Following are excerpts from a current NPR report:
The Consumer Financial Protection Bureau has dropped its lawsuit against the operator of payment platform Zelle and three of its parent banks, in the latest move by the Trump administration to undo actions of the bureau's prior leadership. The bureau had filed the lawsuit in late December against the operator of Zelle, Bank of America, JPMorgan Chase and Wells Fargo "for failing to protect consumers from widespread fraud." Customers of the top three banks lost more than $870 million over seven years due to the banks' failures to protect them, according to the CFPB.

"This is about financial institutions fulfilling their basic obligations to protect customers' money and help fraud victims recover their losses," then-CFPB Director Rohit Chopra said at the time. "These banks broke the law by running a payment system that made fraud easy, and then refusing to help the victims."

However, that was then. On Tuesday the administration dropped its case against Zelle, according to a filing in U.S. District Court in Arizona.

Zelle and its parent banks are just the latest enforcement target to be abandoned by the CFPB, which is currently led by acting director Russell Vought. Last week the bureau dropped cases it was litigating against five companies including Capital One, Rocket Homes and others. It had earlier dropped its case against online lending platform SoLo Funds.
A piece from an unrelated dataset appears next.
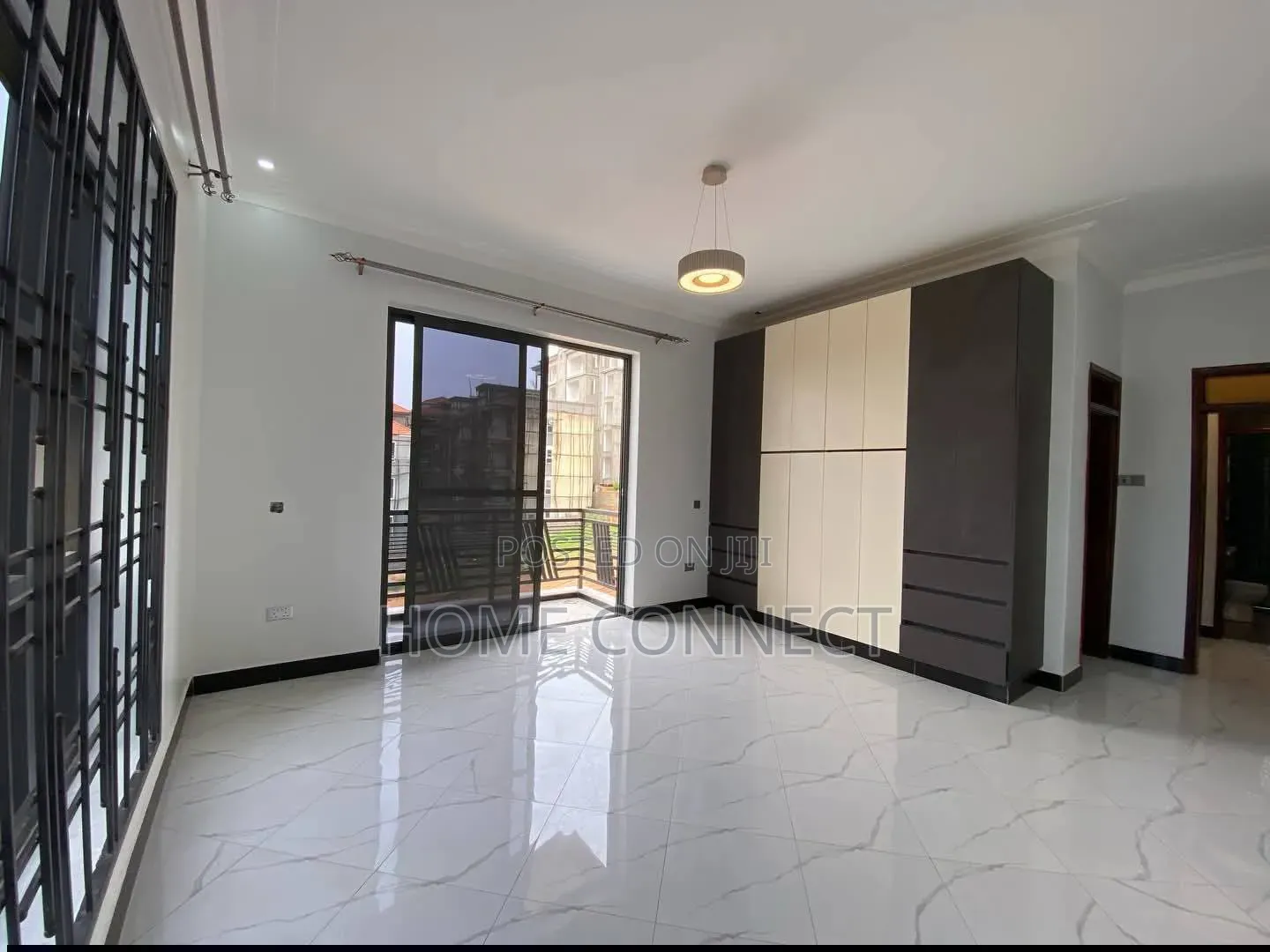 2bdrm Apartment in Muyenga Kironde Rd, Central Division for rent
The CFPB has also been decimated in a matter of weeks, with agency's employees ordered to stop essentially all work, while some 150 employees have been fired. The bureau's D.C. headquarters has also been shuttered.

Comments

  • It comes across as a giant conspiracy to set up an easily executed giant transfer of wealth from whoever is deliberately or randomly chosen to be a victim. (Yes, I know that is a leap but ... Russia?) Makes me wonder if a customer of one of these banks were NOT signed up for the Zelle service would they still be vulnerable?
  • Anna said:

    It comes across as a giant conspiracy to set up an easily executed giant transfer of wealth from whoever is deliberately or randomly chosen to be a victim. (Yes, I know that is a leap but ... Russia?) Makes me wonder if a customer of one of these banks were NOT signed up for the Zelle service would they still be vulnerable?


    Russia? Russia? No, more like Israel.

  • edited March 5
    Anna said:

    It comes across as a giant conspiracy to set up an easily executed giant transfer of wealth from whoever is deliberately or randomly chosen to be a victim. (Yes, I know that is a leap but ... Russia?) Makes me wonder if a customer of one of these banks were NOT signed up for the Zelle service would they still be vulnerable?

    Not for the alleged fraud but there may be other vulnerabilities.

    I use Zelle in an account that never has material amount of money in it. Too many people are using Zelle and so I had to be on it. FYI - like Apple, I am not an early adopter of newer technology - I wait for kinks to be worked out.